Ifemelu a quitté le Nigeria pour suivre des études en Amérique. Après des débuts difficiles et des années de doute, la jeune femme a trouvé sa place dans ce grand pays. « Elle aimait par-dessus tout pouvoir prétendre, dans ce lieu où régnait l’abondance, être quelqu’un d’autre, admis par faveur dans le club consacré de l’Amérique, quelqu’un d’auréolé d’assurance. » (p. 5) Conférencière pour Princeton, rédactrice d’un blog renommé sur la race et les relations entre les blancs et les autres ethnies, Ifemelu est devenue une Americanah. Mais après treize ans loin de chez elle, elle éprouve le vif désir de rentrer au pays. « Le Nigeria devint l’endroit où elle devait être, le seul endroit où elle pouvait enfouir ses racines sans éprouver en permanence le désir de les arracher et d’en secouer la terre. » (p. 9) Ce retour aux sources est l’occasion de retrouver son identité profonde et peut-être celle de renouer avec Obinze, son amour de jeunesse. Leur relation avait explosé à cause de la distance et des déboires américains d’Ifemelu dans les premiers temps de son séjour outre-Atlantique. « Cette façon d’insinuer que l’Amérique l’avait en quelque sorte irrévocablement changée avait planté des épines dans sa peau. » (p. 20)
Avant de rentrer à Lagos, Ifemelu décide de se faire tresser les cheveux comme quand elle était jeune. Assise dans une boutique minable, entre les mains d’une jeune coiffeuse, elle se souvient de son arrivée en Amérique, de ses études, de son intégration et de ses deux grands amours américains, Curt et Blaine, qui n’ont cependant jamais réussi à lui faire oublier vraiment Obinze. Elle se rappelle qu’elle s’est sentie noire en arrivant en Amérique, que la couleur de sa peau lui était à la fois une identité, un passé et une condition sociale aux yeux des blancs. « Tu es dans un pays qui n’est pas le tien. Agis comme il faut si tu veux réussir. » (p. 132) Dans son blog, elle a écrit sans tabou sur la place des noirs en Amérique. Elle a réfléchi à la grande question des cheveux des Noires : doivent-elles les défriser, les tresser, les porter librement ? Que disent les cheveux des Noires aux Blancs ? « Tu vois le problème avec des yeux américains. Mais le problème est que tu n’es même pas une véritable Americanah. » (p. 422) Elle a vécu et observé les combines des immigrés : mariages blancs, prêts de carte de sécurité sociale, magouilles pour avoir une carte verte.
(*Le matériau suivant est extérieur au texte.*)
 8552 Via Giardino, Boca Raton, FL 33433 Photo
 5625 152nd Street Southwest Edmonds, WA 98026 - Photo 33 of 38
Entre intégration, voire assimilation, et racisme, le Noir américain ou non américain doit gagner sa place et sans cesse prouver sa réussite. L’exemple éclatant de ce succès complet, c’est Barack Obama, alors candidat à la présidence américaine. Le rêve américain s’incarne dans cet homme noir charismatique et ambitieux. De retour à Lagos, Ifemelu sera-t-elle qui a réussi en Amérique ? Retrouvera-t-elle sa place dans son pays ? « Parce qu’à l’époque où ils s’étaient quittés, elle ne connaissait rien des sujets qu’elle traitait dans son blog, il eut l’impression de l’avoir perdue, comme si elle était devenue quelqu’un qu’il ne pouvait plus reconnaître. » (p. 415) Entre ici et là-bas, les racines et l’identité sont bien difficiles à préserver.
Que d’humour et de tendresse dans ce récit ! Chimamanda Ngozi Adichie bouscule les clichés et le politiquement correct pour dresser des portraits sincères d’une jeunesse africaine attirée par les lueurs de la grande Amérique ou de l’Europe, mais désireuse de réussir dans son pays. Un très grand roman, sensible et drôle.